## DATA RECORDS:
——————————
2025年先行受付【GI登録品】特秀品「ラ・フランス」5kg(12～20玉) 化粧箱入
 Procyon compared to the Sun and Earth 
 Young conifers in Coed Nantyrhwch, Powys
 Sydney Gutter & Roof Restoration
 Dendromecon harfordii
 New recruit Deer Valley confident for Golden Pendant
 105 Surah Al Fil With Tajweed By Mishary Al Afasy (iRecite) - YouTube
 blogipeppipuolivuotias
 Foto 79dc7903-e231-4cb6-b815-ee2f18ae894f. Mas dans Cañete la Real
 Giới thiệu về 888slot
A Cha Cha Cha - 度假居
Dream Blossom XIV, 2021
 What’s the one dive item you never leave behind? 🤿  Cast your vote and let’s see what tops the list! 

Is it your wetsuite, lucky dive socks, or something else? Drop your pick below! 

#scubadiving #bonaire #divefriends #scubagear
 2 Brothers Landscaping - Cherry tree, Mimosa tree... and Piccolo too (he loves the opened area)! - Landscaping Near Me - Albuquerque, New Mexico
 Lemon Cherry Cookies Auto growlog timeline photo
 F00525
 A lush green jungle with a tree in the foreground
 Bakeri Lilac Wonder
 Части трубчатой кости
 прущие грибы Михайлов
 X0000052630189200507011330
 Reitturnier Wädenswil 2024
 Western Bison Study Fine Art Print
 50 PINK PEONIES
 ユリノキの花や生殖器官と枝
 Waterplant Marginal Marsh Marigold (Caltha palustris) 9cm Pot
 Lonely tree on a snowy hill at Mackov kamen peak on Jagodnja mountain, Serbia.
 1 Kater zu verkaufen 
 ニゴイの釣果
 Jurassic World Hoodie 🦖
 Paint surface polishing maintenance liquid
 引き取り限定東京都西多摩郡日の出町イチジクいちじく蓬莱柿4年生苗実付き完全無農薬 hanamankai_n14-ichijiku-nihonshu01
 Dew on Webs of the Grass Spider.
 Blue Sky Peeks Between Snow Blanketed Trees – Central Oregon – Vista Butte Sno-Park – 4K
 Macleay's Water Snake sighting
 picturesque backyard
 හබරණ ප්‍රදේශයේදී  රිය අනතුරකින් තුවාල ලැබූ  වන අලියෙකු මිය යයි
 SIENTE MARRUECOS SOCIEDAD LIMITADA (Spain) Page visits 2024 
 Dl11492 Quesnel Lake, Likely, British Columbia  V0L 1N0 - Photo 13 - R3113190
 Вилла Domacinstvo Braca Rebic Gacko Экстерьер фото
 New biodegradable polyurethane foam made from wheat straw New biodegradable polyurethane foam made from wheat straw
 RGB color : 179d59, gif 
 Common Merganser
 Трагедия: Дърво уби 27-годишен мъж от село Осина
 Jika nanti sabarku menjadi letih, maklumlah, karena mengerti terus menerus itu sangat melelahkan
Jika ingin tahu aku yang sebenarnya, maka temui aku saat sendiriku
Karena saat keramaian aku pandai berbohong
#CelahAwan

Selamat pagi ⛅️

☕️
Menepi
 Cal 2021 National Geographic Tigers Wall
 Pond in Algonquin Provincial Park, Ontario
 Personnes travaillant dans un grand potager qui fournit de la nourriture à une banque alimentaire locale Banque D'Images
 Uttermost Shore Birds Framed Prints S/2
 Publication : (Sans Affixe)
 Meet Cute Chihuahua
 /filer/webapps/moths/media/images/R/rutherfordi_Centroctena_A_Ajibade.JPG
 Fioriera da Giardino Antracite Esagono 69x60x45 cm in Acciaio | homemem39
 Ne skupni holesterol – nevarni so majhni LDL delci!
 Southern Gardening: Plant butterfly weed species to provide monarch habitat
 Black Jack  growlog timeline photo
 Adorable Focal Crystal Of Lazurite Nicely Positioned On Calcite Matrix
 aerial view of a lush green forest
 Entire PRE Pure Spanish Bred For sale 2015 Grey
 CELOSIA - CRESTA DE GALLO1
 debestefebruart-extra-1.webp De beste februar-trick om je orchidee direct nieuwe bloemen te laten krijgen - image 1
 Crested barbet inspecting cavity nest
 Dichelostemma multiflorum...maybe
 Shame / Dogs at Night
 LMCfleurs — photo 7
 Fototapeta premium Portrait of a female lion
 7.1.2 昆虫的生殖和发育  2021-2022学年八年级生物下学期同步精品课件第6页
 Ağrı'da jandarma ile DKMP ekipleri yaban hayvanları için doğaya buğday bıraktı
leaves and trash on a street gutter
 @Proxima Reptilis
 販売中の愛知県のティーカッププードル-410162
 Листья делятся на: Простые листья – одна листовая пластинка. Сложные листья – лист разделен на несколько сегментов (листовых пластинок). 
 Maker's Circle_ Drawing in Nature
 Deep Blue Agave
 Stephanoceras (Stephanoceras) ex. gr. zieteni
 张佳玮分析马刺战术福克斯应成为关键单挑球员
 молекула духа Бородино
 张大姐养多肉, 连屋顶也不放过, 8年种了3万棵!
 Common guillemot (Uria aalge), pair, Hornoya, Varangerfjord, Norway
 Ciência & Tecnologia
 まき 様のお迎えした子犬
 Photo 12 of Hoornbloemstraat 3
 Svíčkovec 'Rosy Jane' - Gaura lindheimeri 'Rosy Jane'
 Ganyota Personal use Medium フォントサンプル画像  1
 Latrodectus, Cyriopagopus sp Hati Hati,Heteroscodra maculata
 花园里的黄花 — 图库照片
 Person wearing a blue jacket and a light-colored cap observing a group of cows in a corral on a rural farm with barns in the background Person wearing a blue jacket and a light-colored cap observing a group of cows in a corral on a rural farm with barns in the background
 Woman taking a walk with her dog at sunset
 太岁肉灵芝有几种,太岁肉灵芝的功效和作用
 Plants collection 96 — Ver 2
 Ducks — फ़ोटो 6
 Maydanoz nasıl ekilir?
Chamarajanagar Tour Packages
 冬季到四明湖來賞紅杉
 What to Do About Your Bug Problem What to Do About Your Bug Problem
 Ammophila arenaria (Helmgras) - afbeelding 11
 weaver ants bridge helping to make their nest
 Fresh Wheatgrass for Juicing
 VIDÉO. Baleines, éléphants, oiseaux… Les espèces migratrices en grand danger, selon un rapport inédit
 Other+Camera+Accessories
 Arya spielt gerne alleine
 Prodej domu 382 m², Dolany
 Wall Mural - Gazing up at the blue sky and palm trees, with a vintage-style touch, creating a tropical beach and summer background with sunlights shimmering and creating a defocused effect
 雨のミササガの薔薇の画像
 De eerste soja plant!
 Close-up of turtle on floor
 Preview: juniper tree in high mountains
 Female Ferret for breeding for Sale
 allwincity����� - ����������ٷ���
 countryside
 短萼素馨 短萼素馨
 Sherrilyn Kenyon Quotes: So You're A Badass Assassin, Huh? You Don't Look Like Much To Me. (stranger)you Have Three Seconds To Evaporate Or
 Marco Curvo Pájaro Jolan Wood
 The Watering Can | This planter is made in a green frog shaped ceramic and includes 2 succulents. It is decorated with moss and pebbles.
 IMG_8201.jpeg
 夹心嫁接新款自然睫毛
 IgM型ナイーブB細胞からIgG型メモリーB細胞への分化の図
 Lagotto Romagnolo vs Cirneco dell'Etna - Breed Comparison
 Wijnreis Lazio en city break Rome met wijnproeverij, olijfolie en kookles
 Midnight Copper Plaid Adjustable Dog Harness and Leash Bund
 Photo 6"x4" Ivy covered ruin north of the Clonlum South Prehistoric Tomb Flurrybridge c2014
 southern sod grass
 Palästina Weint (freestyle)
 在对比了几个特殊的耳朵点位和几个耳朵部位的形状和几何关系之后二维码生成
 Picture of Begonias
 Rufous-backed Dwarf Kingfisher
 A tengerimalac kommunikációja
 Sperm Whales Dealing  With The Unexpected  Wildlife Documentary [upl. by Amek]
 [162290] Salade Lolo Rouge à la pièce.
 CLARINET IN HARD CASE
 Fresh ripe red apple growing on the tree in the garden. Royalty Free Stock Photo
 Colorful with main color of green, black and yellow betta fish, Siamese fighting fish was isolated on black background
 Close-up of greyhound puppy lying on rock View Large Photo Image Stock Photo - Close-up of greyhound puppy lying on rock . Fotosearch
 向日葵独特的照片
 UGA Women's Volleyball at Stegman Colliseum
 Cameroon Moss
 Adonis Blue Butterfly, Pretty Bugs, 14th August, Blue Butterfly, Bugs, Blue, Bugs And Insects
——————————
## PROBLEM DESCRIPTION:
Give again, word for word, the lines of the listing, starting at its first line and ending with the line containing "Dream Blossom XIV, 2021".

## RESPONSE TO THE TASK:
2025年先行受付【GI登録品】特秀品「ラ・フランス」5kg(12～20玉) 化粧箱入
 Procyon compared to the Sun and Earth 
 Young conifers in Coed Nantyrhwch, Powys
 Sydney Gutter & Roof Restoration
 Dendromecon harfordii
 New recruit Deer Valley confident for Golden Pendant
 105 Surah Al Fil With Tajweed By Mishary Al Afasy (iRecite) - YouTube
 blogipeppipuolivuotias
 Foto 79dc7903-e231-4cb6-b815-ee2f18ae894f. Mas dans Cañete la Real
 Giới thiệu về 888slot
A Cha Cha Cha - 度假居
Dream Blossom XIV, 2021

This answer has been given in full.